Although the Fed is a banking regulator, it's also a banking industry advocate. Most progressives probably don't love the idea of empowering an organization that's explicitly in the banking industry's corner. But Yglesias has a partial solution to this problem: change the way that the regional Fed presidents are chosen. Then, at least you eliminate the banking industry's control of 42% of the monetary policy committee.
Instead, he suggests letting governors, senators, or state legislatures do this within the various regions. For state governors, progressives would probably be worse off due to regional concentrations of left-leaning voters in a few areas like the northeast and the west. If you look at the breakdown of the 12 Fed bank regions, six would be controlled by Republican governors, three by Democratic governors, and three would be split, roughly speaking. For senators and state legislatures, this process could be difficult and burdensome due to partisan politics. After all, the Senate can't even manage to confirm President Obama's third nominee, Peter Diamond, to the Fed Board of Governors after almost a year.
And even if you change the way the monetary policy committee is selected, it will still ultimately serve the banks. Progressives would have to make peace with the objective of financial stability, and the baggage that comes along with it, to advocate for a stronger Fed.
A Strictly Defined Dual Mandate
In order to give the Fed's intervention less controversial and make it more precise, Yglesias also suggests better defining the dual mandate. He suggests an inflation target as a possibility. If the Fed had to explicitly target 2% inflation, for example, its intervention over the past three years would have been seen as explicitly following its charter.
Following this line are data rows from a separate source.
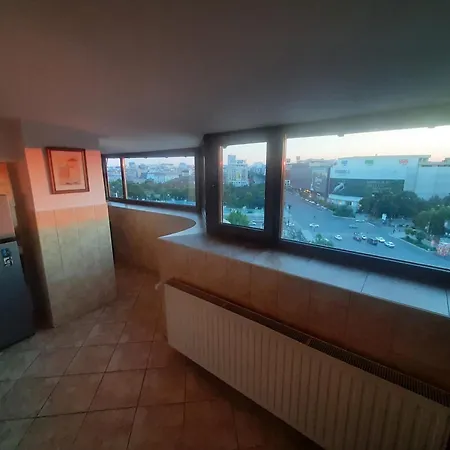 Penthouse Ultracentral Homestay *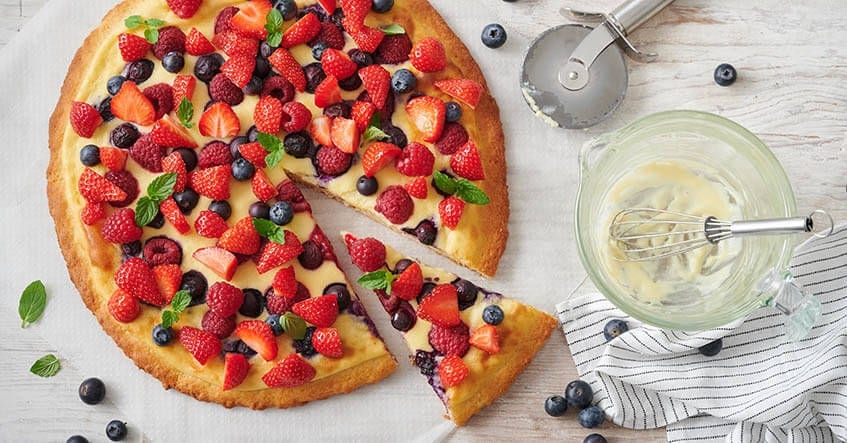 Pizza dulce de frutos rojos y crema de mazapán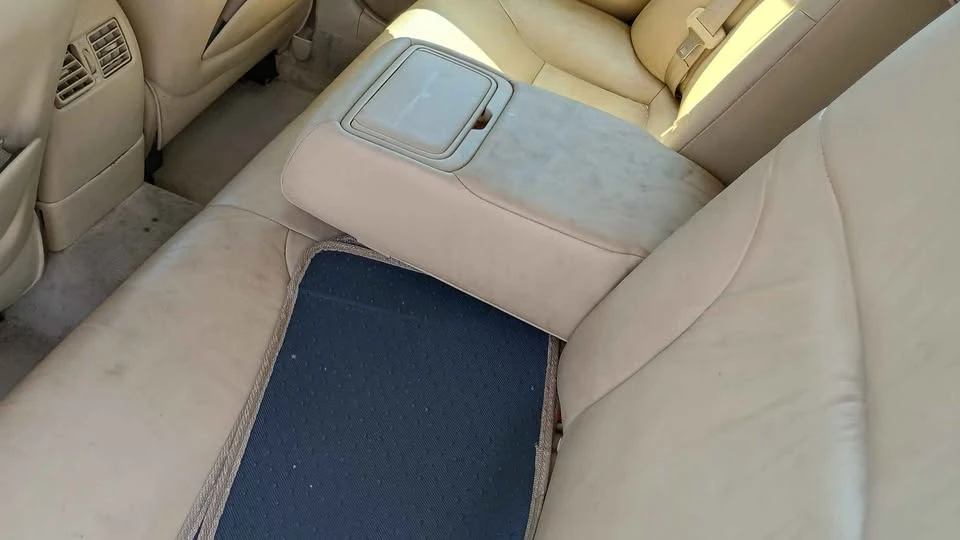 2005 Lexus ES 4th Gen - Image 9 of 11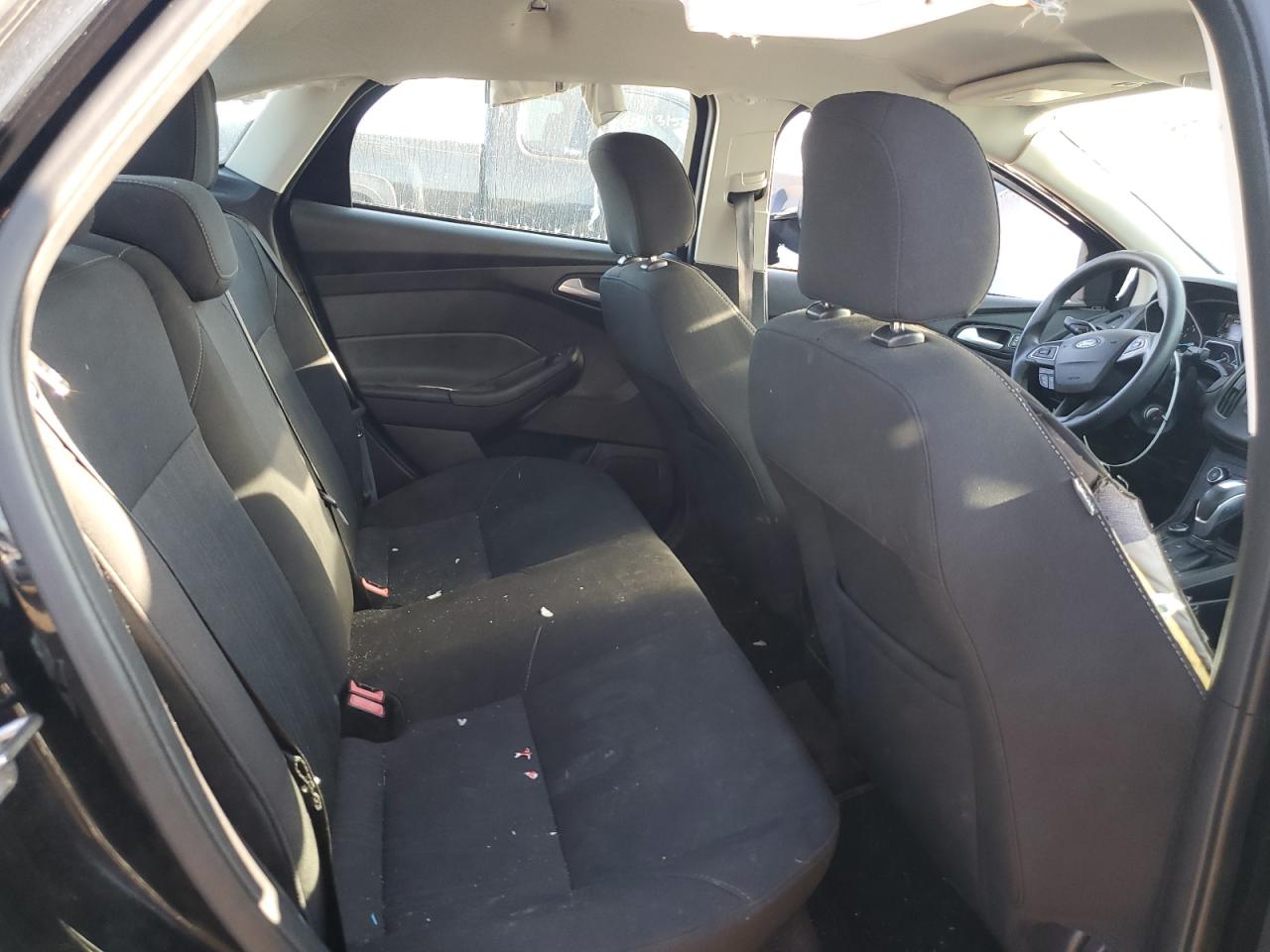 2016 Ford Focus Se VIN: 1FADP3F21GL203825 Lot: 71876065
This might have helped progressive goals under recent circumstances, but what if the U.S. was in a situation where there was stagflation? Does the Fed then become powerless to use its monetary policy tools to increase employment? Or what if inflation was at 2% over this period? Proponents of a vague dual mandate would likely argue that its lack of specifics gives the Fed the necessary flexibility to do what it feels is in the best interest of the macroeconomic situation of the U.S.
Who Gains the Most From Fed Intervention?
Yglesias doesn't touch on the big winners of Fed monetary expansion. Although, if it works as advertised, it may help to restore full employment, this effect is generally smaller than the positive effects for the financial markets. In other words, bankers and investors get rich when the Fed loosens policy. Stocks often soar. Since poorer Americans tend to have fewer financial assets, they only benefit if they happen to be unemployed or if the action does manage to encourage a firm to hire more aggressively. Wealthier people generally gain more, which could actually increase the wealth gap.
Additionally, some progressives could argue that strictly adhering to an inflation target could make poorer people worse off. A little extra inflation could help a country to more easily pay down the debt it incurs to provide transfer payments. It could also help relieve individuals' debt burden on fixed interest-rate loans. The counter argument, of course, is that such action to monetize national or personal debt is viewed negatively by financial markets, but some on the left have lauded the goal in the past.
So ultimately, it might be a little difficult for progressives to fall in love with the Fed. Its ability to sidestep politics, through its independence, and provide monetary stimulus to an ailing economy might sound like a nice benefit to advocates for aggressive economic planning. But it won't be easy for the central bank to shed its allegiance to the financial industry. And ensuring that it always interprets its dual mandate in such a way to please progressives would also be difficult.